The government has announced the appointment of a "Ministerial Committee" to enact "election regulations which will ensure equal coverage for all parties in the electronic media within the duration of the poll."

The objective is apparently to enact regulations that will compel the private electronic media to provide equal overage to all parties contesting in an election. Nothing has been said about state controlled electronic media, at least in the state controlled newspapers which have provided wide coverage to these new regulations that are being promised.

Does this mean that the investigative compass of the committee which has been appointed will be limited to the private media? And, does it also mean that the state media will be free for all intents and purposes to push the propaganda of the incumbent government, and the political party that is represented within it? The government has repeatedly downplayed the role that the state media played in the Presidential elections which were held in December. No less than the President herself contended on television, in her most recent address to the people, that state media gave fair coverage to all candidates who contested at this poll.

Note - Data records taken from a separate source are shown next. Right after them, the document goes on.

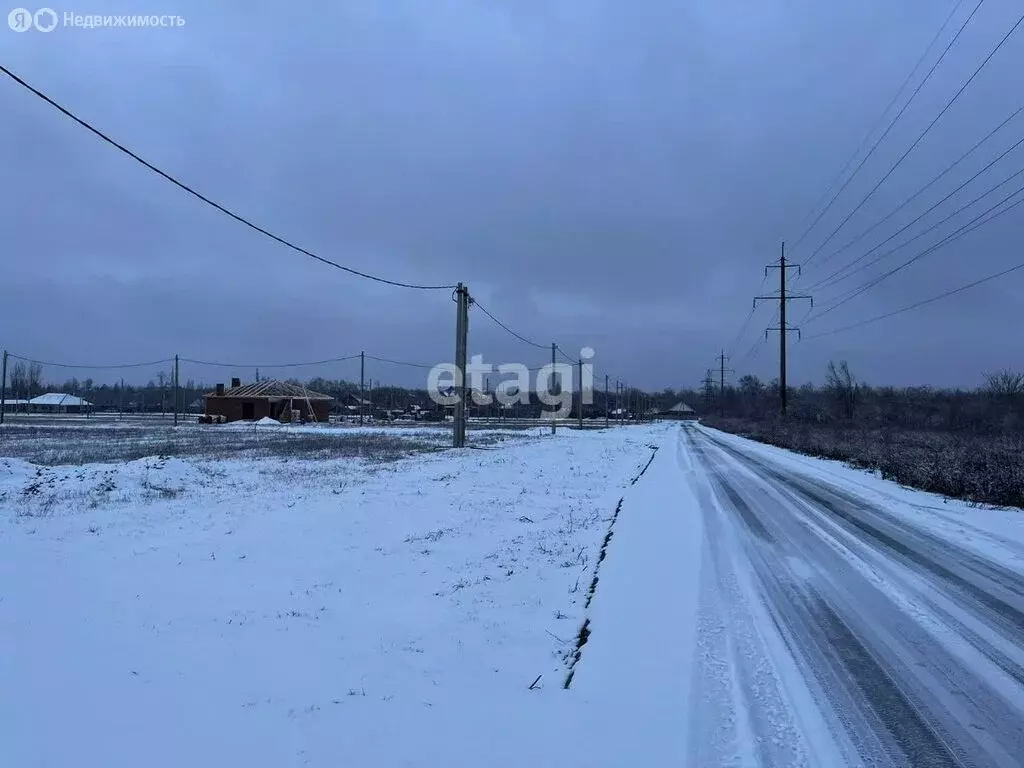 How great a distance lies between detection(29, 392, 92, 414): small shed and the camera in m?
125

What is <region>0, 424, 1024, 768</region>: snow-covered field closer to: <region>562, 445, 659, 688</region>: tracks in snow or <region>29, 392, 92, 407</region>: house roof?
<region>562, 445, 659, 688</region>: tracks in snow

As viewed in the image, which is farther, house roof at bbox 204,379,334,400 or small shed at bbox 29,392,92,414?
small shed at bbox 29,392,92,414

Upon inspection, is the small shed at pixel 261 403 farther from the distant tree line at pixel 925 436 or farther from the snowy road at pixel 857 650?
the snowy road at pixel 857 650

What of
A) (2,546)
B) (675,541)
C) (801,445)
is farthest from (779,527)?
(801,445)

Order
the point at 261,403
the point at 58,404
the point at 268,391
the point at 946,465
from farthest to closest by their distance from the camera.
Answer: the point at 58,404 → the point at 268,391 → the point at 261,403 → the point at 946,465

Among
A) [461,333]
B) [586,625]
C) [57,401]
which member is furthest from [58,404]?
[586,625]

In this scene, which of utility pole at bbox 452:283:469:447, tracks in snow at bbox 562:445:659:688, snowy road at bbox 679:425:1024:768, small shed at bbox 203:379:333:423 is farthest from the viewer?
small shed at bbox 203:379:333:423

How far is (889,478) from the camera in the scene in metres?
18.3

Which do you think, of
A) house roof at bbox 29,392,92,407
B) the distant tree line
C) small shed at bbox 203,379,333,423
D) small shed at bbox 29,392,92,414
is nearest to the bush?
the distant tree line

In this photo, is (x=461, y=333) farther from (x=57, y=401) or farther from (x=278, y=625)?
(x=57, y=401)

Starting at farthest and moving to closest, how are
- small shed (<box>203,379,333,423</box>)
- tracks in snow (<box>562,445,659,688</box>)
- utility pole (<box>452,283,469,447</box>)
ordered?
small shed (<box>203,379,333,423</box>), utility pole (<box>452,283,469,447</box>), tracks in snow (<box>562,445,659,688</box>)

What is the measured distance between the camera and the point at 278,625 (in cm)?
566

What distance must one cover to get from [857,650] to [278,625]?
16.2 ft

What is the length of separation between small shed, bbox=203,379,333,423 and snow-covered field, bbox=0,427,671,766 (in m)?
62.5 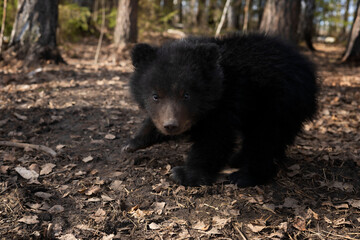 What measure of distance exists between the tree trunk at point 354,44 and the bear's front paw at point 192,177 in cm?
949

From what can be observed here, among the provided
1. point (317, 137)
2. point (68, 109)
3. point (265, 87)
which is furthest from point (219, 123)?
point (68, 109)

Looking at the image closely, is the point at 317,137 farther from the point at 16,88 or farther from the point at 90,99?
the point at 16,88

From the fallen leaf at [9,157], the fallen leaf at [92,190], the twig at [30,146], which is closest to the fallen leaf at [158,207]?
the fallen leaf at [92,190]

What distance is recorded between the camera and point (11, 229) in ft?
10.3

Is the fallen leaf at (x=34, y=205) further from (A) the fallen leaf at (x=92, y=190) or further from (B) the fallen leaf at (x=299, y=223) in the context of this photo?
(B) the fallen leaf at (x=299, y=223)

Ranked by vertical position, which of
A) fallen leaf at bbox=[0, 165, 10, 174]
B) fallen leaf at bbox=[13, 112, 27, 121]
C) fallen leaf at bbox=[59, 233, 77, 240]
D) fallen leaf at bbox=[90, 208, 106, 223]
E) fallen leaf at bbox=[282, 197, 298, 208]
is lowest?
fallen leaf at bbox=[59, 233, 77, 240]

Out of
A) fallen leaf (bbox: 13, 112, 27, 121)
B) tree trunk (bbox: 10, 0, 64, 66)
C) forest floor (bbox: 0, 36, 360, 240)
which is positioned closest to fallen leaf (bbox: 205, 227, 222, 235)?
forest floor (bbox: 0, 36, 360, 240)

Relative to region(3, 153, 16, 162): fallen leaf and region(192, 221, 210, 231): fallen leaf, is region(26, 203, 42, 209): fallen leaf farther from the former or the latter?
region(192, 221, 210, 231): fallen leaf

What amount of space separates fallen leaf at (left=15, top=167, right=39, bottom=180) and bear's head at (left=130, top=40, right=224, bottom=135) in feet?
5.34

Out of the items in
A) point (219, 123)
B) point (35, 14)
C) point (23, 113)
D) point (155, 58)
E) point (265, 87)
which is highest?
point (35, 14)

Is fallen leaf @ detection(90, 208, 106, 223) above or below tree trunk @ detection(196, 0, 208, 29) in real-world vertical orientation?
below

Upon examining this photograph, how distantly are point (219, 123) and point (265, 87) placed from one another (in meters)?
0.75

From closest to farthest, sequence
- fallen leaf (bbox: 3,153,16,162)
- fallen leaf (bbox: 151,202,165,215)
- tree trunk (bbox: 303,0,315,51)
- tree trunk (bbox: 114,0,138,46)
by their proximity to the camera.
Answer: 1. fallen leaf (bbox: 151,202,165,215)
2. fallen leaf (bbox: 3,153,16,162)
3. tree trunk (bbox: 114,0,138,46)
4. tree trunk (bbox: 303,0,315,51)

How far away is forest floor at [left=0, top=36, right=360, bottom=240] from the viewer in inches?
131
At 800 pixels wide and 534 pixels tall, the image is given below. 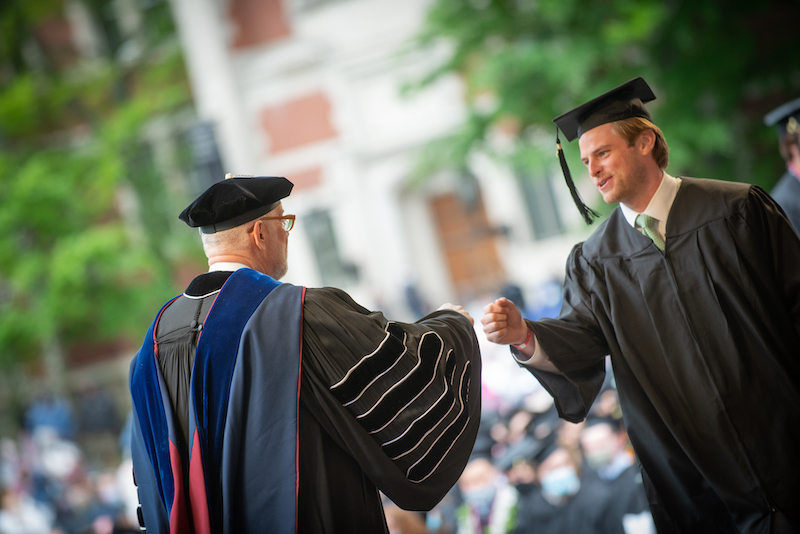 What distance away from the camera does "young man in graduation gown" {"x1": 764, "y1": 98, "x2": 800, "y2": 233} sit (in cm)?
292

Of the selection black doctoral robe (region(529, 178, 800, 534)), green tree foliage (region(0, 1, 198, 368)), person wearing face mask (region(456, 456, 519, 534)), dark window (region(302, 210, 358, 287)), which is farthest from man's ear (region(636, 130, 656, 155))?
dark window (region(302, 210, 358, 287))

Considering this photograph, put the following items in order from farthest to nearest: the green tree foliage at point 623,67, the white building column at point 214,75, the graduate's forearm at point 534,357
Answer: the white building column at point 214,75 < the green tree foliage at point 623,67 < the graduate's forearm at point 534,357

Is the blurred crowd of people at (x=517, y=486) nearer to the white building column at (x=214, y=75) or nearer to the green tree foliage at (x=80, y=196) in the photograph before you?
the green tree foliage at (x=80, y=196)

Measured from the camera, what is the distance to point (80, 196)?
513 inches

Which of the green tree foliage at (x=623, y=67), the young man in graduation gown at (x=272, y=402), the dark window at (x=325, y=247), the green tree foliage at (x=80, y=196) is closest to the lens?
the young man in graduation gown at (x=272, y=402)

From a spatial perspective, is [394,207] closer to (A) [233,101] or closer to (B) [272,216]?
(A) [233,101]

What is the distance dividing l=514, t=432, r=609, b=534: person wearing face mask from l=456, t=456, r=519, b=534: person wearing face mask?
118 millimetres

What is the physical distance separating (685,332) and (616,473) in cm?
213

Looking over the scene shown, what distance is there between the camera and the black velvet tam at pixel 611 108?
2.06 m

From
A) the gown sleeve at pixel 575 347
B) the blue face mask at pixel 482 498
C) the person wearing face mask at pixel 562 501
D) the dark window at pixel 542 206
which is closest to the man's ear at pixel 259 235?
the gown sleeve at pixel 575 347

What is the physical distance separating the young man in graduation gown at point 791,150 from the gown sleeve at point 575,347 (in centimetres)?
148

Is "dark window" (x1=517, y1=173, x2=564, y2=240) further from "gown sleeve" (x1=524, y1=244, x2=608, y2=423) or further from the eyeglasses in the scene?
the eyeglasses

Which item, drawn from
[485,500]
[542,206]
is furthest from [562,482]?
[542,206]

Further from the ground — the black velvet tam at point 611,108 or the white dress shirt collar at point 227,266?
the black velvet tam at point 611,108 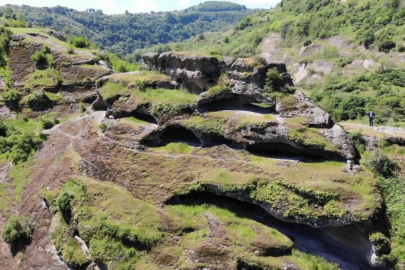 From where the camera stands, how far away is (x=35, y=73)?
5072cm

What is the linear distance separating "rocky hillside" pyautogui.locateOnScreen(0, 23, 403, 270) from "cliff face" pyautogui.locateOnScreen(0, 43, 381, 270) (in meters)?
0.09

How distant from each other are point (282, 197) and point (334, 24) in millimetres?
130742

The "fair coverage" that the President talked about, certainly existed on paper, in as much as the state media was expected to abide by the Parliament Elections Act No. 1 of 1981 which stipulates equal television time for all candidates. The state media had little alternative but to provide the allocated 15 minutes spots for all candidates, and this was done. But, having done that, the state media went to town and used every available opportunity to eke out the maximum advantage possible for the government party. This was done with impunity, particularly after the president was injured in the Town Hall bomb blast.

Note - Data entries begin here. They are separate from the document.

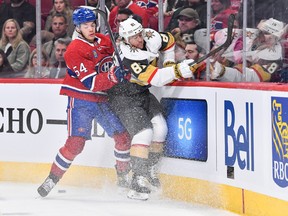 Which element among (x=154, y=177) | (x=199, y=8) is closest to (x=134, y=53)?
(x=199, y=8)

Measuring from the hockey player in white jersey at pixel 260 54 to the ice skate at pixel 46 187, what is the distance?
1.45 metres

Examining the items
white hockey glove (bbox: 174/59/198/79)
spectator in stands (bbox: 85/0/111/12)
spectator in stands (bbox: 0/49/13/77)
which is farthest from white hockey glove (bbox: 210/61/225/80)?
spectator in stands (bbox: 0/49/13/77)

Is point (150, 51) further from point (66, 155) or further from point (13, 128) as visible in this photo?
point (13, 128)

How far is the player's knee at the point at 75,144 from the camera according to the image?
6809 mm

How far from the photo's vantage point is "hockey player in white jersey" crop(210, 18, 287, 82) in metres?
5.74

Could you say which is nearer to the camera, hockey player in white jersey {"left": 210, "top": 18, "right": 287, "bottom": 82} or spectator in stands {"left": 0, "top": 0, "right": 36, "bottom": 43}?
hockey player in white jersey {"left": 210, "top": 18, "right": 287, "bottom": 82}

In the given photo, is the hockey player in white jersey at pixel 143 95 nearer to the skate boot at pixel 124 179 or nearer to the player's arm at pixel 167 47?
the player's arm at pixel 167 47

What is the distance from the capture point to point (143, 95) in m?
6.67

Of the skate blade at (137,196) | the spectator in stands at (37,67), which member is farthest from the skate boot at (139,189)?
the spectator in stands at (37,67)

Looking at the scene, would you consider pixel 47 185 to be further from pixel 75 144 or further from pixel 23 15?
pixel 23 15

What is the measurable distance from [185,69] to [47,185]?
135cm

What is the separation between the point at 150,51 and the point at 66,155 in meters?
0.95

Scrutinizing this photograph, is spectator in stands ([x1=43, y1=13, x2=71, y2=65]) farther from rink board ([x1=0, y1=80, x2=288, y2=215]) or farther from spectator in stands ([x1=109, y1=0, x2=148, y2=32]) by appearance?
spectator in stands ([x1=109, y1=0, x2=148, y2=32])

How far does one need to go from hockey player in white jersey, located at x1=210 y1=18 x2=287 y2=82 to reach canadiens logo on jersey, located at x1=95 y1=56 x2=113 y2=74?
95 centimetres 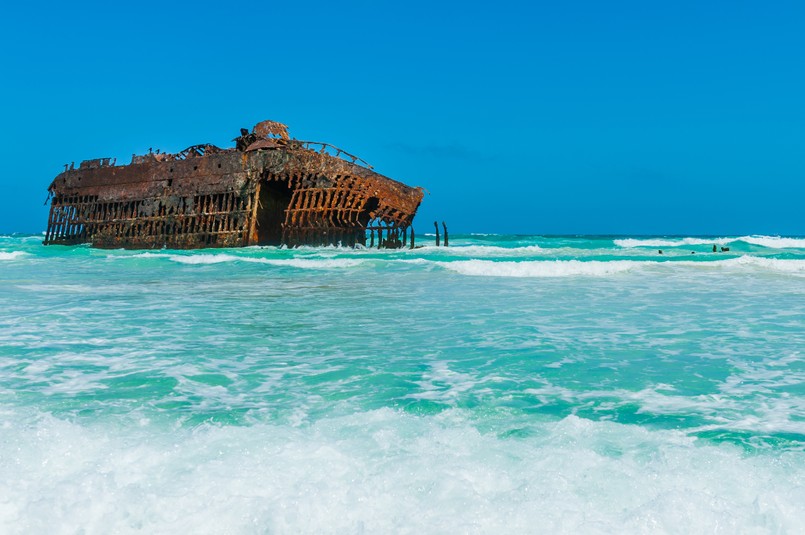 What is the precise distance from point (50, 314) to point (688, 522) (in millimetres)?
8690

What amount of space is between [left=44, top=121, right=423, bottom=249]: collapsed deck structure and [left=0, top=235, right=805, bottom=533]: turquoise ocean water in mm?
17923

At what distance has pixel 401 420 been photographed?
3.95 meters

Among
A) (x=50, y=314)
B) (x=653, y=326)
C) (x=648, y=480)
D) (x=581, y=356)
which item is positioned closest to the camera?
(x=648, y=480)

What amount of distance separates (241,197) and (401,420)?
24984 mm

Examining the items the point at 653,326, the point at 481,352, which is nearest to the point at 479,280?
the point at 653,326

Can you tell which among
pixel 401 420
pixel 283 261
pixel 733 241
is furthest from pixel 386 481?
pixel 733 241

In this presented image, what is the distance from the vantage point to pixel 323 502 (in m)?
2.79

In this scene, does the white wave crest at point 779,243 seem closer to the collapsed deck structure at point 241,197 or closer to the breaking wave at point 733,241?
the breaking wave at point 733,241

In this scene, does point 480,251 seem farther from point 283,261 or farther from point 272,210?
point 283,261

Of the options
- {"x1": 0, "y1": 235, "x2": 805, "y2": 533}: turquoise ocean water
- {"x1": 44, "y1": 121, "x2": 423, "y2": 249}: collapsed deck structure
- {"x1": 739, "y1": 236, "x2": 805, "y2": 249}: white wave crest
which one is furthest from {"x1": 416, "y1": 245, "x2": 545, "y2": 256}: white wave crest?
{"x1": 739, "y1": 236, "x2": 805, "y2": 249}: white wave crest

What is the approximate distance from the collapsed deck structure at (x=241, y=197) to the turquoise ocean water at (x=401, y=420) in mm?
17923

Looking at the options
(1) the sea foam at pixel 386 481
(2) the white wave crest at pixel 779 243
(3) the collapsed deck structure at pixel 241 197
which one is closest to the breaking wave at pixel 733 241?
(2) the white wave crest at pixel 779 243

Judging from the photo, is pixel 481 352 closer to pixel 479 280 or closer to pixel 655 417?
pixel 655 417

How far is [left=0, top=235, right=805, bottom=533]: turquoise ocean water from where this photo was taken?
8.93 ft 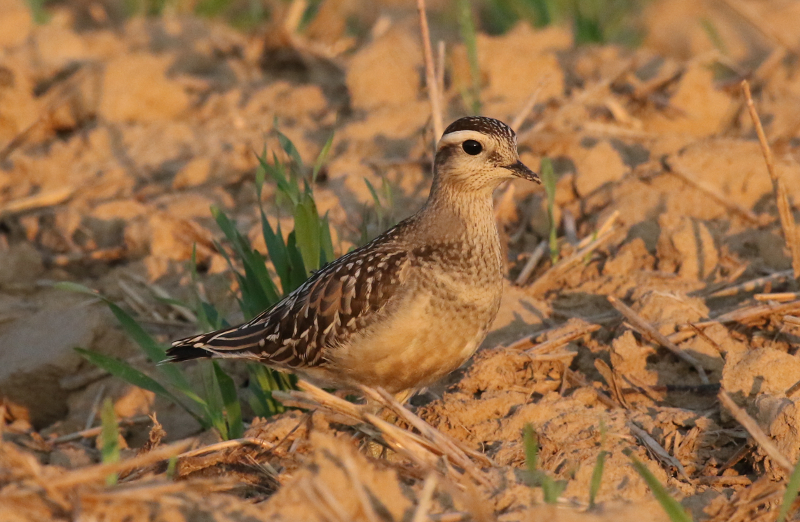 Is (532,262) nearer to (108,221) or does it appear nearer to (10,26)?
(108,221)

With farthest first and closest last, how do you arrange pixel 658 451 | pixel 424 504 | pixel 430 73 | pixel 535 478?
pixel 430 73 < pixel 658 451 < pixel 535 478 < pixel 424 504

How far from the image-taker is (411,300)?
515 cm

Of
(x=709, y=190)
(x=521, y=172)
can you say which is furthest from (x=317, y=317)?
(x=709, y=190)

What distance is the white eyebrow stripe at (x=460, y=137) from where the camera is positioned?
540 centimetres

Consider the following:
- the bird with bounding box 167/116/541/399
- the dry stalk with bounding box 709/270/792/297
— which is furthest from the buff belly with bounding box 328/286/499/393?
the dry stalk with bounding box 709/270/792/297

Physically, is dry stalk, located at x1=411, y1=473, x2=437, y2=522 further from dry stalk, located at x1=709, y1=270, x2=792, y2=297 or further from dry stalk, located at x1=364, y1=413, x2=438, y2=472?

Government MPs and Ministers such as Mahinda Wijesekera and S.B. Dissanayake also came on television on the Sunday before election, after the bomb blast on Saturday and made a furious pitch for the president, making wild allegations about the "UNP's connivance in the Town Hall bomb explosions." The opposition candidates or the opposition party had no right of reply whatsoever to refute these allegations what were aired via the television channel that has the largest reach and viewership in the country.

If anybody, therefore needs to harbour a grouse about unfair television coverage, they would be the presidential candidates of all parties but the Peoples Alliance. It was the private television channels, which often enjoy a much lesser reach the Rupavahini which to some extent ameliorated this vast advantage that accrued to the ruling party due to untrammeled use of the state media. But, a government, which incidentally originally came to power originally in 1994, on a promise to broadbase the state media including the electronic medium and vest shares in the private sector, now seeks to "level the playing field" by enacting legislation that will dangerously impinge on the freedom of the private media to air the views of opposition candidates, in order that they can counterbalance at least to some extent the government's use of the state propaganda machine.

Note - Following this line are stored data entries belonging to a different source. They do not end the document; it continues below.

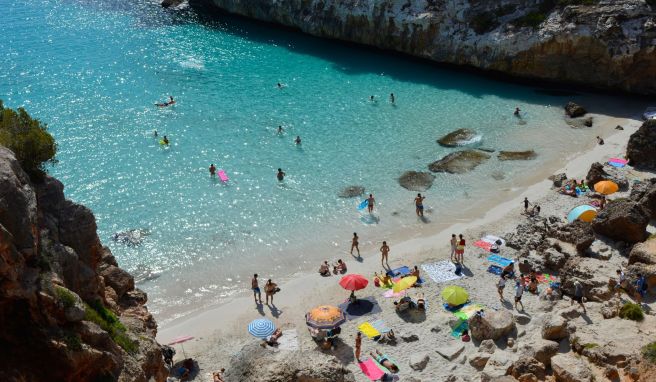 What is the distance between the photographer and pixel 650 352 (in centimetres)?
1683

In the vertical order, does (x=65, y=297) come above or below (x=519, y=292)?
above

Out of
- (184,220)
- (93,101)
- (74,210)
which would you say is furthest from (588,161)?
(93,101)

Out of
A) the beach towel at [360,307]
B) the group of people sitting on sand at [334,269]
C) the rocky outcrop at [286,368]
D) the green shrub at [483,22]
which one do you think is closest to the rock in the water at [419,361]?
the beach towel at [360,307]

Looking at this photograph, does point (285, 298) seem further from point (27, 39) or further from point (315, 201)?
point (27, 39)

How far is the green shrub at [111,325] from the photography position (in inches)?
557

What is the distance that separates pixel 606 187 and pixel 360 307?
16.4 m

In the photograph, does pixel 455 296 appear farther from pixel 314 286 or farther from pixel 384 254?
pixel 314 286

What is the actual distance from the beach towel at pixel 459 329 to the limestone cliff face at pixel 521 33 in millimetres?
31518

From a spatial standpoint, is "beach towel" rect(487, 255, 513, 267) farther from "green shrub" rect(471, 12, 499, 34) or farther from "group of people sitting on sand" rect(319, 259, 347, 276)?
"green shrub" rect(471, 12, 499, 34)

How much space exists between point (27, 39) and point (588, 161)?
179 ft

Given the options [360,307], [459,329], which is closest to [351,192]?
[360,307]

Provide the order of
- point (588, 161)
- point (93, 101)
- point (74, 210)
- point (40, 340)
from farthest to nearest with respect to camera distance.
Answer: point (93, 101) < point (588, 161) < point (74, 210) < point (40, 340)

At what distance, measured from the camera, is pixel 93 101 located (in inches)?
1738

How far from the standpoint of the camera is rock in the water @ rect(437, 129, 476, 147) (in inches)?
1539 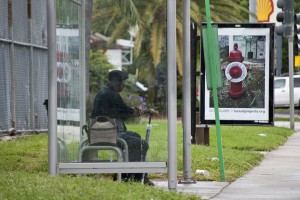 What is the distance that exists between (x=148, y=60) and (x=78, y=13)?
1036 mm

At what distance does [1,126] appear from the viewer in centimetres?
2086

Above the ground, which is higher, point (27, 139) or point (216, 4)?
point (216, 4)

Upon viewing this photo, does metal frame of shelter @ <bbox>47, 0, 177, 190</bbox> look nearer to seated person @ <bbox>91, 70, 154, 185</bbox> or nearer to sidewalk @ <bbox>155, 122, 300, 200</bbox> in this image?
seated person @ <bbox>91, 70, 154, 185</bbox>

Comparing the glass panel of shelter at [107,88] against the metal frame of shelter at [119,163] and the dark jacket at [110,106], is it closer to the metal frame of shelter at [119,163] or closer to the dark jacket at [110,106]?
the dark jacket at [110,106]

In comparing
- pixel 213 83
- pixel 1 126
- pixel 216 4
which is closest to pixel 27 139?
pixel 1 126

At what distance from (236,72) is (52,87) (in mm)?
7640

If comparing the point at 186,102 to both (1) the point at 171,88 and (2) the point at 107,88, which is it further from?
(1) the point at 171,88

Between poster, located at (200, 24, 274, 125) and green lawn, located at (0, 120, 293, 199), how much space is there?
2.27 ft

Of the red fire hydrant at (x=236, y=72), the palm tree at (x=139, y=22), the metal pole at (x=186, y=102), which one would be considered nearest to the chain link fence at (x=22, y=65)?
the red fire hydrant at (x=236, y=72)

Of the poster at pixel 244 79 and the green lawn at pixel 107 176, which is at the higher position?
the poster at pixel 244 79

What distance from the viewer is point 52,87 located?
11.9 m

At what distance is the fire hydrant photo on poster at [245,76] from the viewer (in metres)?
18.9

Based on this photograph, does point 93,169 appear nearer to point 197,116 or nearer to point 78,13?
point 78,13

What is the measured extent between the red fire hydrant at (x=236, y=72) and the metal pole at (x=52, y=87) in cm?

This tendency to expand the government hegemony over the media, and to bring in the private media within the scope of that hegemony is consistent with the government's current policy to ride the media bogey and to paint the media as the agent of all evil in the country. It is also consistent with the second term blues of a government, which is aware that the advantage of the honeymoon of the first term is no longer available to the alliance. Hence the need to tighten the vice, and maintain a control and grip over all forms of dissent whatsoever - an all too common tendency seen in most second term dispensations.